Il n’est pas vrai que la pensée travaille de questions claires vers des réponses obscures. Marx — Karl Marx — avait déjà relevé que l’humanité ne se pose jamais que les questions qu’elle peut résoudre. La pensée travaille en effet plutôt en remontant de ceci qui est déjà là, sous les yeux, ou les oreilles, et qu’un regard ou une écoute attentifs va découvrir avec étonnement, jusqu’aux questions que cette existence soulève.

On peut le dire encore ainsi : l’œuvre musicale est essentiellement réponse, car elle ajoute au monde sa propre existence d’œuvre d’art : composer, créer, c’est agrandir le monde avec de nouvelles présences sensibles. Une œuvre, cela déclare, donc cela pose, et cela affirme.

C’est nous qui, ensuite, interrogeons cette œuvre. C’est nous qui ensuite lui posons des questions.

Le discours sur la musique, doit ainsi remonter de ceci qui est déjà là, disposé, offert, vers des questions qui, sans ce discours, n’auraient jamais été formulées.

Je voudrais, dans cette série de matinées, dégager quelques questions que mon étonnement devant l’œuvre de Schoenberg suscite, et tenter de vous les faire partager.

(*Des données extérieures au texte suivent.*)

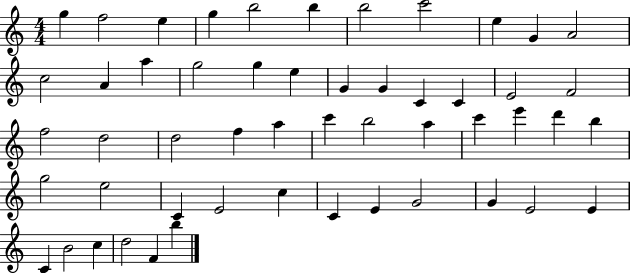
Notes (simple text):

G5/q F5/h E5/q G5/q B5/h B5/q B5/h C6/h E5/q G4/q A4/h C5/h A4/q A5/q G5/h G5/q E5/q G4/q G4/q C4/q C4/q E4/h F4/h F5/h D5/h D5/h F5/q A5/q C6/q B5/h A5/q C6/q E6/q D6/q B5/q G5/h E5/h C4/q E4/h C5/q C4/q E4/q G4/h G4/q E4/h E4/q C4/q B4/h C5/q D5/h F4/q B5/q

L’œuvre de Schoenberg se conclut par une œuvre vocale pour chœurs a capella, le Psaume moderne que nous écoutons maintenant interprété par les chanteurs de la BBC, direction Pierre Boulez.

Opus 50 C

Sony S 2K 44 571

5’ 33”

Micro

Schoenberg attaque son œuvre d’un « Dank » (Merci !). Mais son dernier opus, le Psaume moderne que nous venons d’écouter, ne se conclut pas vraiment. Il s’interrompt, plutôt qu’il ne se finit. Il cesse sur des mots restant en suspens, sur cette phrase : Und trotzdem bete ich (« Et pourtant je prie »). L’œuvre de Schoenberg est en effet interrompue par la mort, comme l’est celle de Jean-Sébastien Bach dans L’Art de la Fugue.

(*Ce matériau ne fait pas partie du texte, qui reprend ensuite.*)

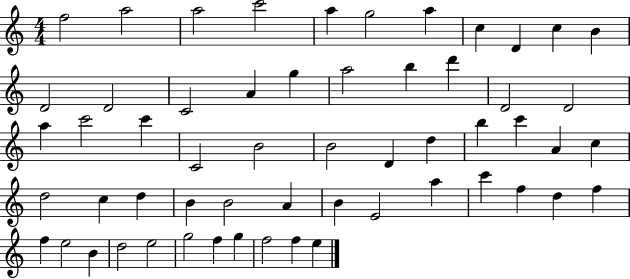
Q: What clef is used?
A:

Ce suspens, dû à la disparition du compositeur à l’âge de 77 ans (en 1951), inscrit toute son œuvre entre deux phrases : « Je t’en remercie » (opus 1) / « Et pourtant je prie » (opus 50).

La première est adressée à une femme, la seconde est réflexive.

La première connote l’excès et rend grâce d’un don, d’un supplément. La seconde s’étonne d’un défaut, d’un manque.

Cette opposition, ce renversement peut résumer tout le parcours de Schoenberg : des partitions foisonnantes du début, débordantes d’idées, convoquant des effectifs instrumentaux excessifs jusqu’au dénouement final, dans un chœur a capella, énonçant de maigres canons et s’étonnant d’un manque et d’un retrait.

Éprouvons à nouveau cette luxuriance inaugurale, et ce dénuement final.

Écoutons le second lied de l’opus 1, toujours chanté par Donald Gramm (accompagné au piano par Glenn Gould) puis le Psaume 130 (De profundis) chanté par les Chœurs de la BBC dirigés par Pierre Boulez.

Opus 1 N°2

8’ 45”

Opus 50b : Psaume 130 (De Profundis)

Sony S 2K 44 571

4’ 30”

Micro

L’œuvre de Schoenberg se tient entre ces deux pôles extrêmes, vaste arche jetée entre deux opus, longue traversée allant de l’excès au manque, du dialogue au soliloque, de l’adresse à l’exclamation, de l’altérité au labeur du même.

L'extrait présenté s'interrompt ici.